と き 2024年3月10日
ところ 弁慶洞遊歩道(北海道本別町)
雪がまだ残る本別町の林内………。ところどころ雪解けと共に地表面が見えるようになってきました。久しぶりに森の中で自然の音でも聴きながら深呼吸しようと遊歩道を散策していると,とある植物の蕾がちょこんと。

フクジュソウです。残雪がある春に黄色い花を咲かせるキンポウゲ科の多年草。春を告げる植物ですね。「福寿草」という漢字表記。アイヌ語でチライムンと言うそうです(十勝以外では異なる言い方をするそう)。
アイヌ語のチライムンは,「イトウの草」という意味。イトウとは魚のことです。この花が咲くとイトウが遡上する時期と言われていて,この植物の開花を目印にイトウを捕る準備を始めたそう。そのため,アイヌの人たちは福寿草を「チライムン(イトウの草)」と呼んだそうな………。
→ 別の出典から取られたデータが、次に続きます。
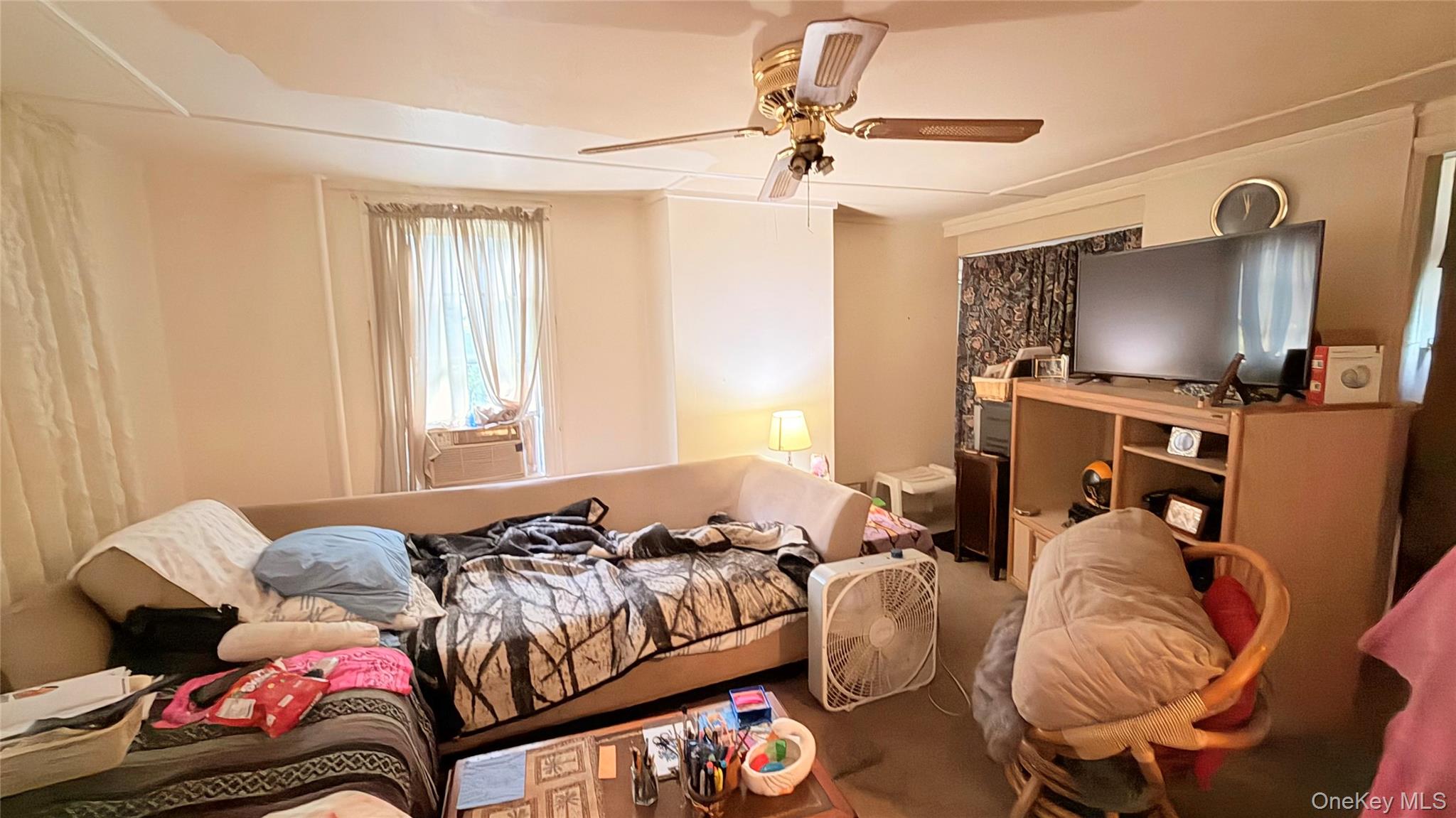 7 Harding Street Property Photo 8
この日は1地点で5個体の蕾を確認できました。そのうち1個体は,今にも花開かせそうな状態でしたね(写真2)。3月に入り,もうそろそろ春だな〜と思っていましたが,植物たちはひと足先に春の訪れを告げてくれそうですね。
*遊歩道はまだ雪が残っていますので,散策の際は足元に十分注意してください。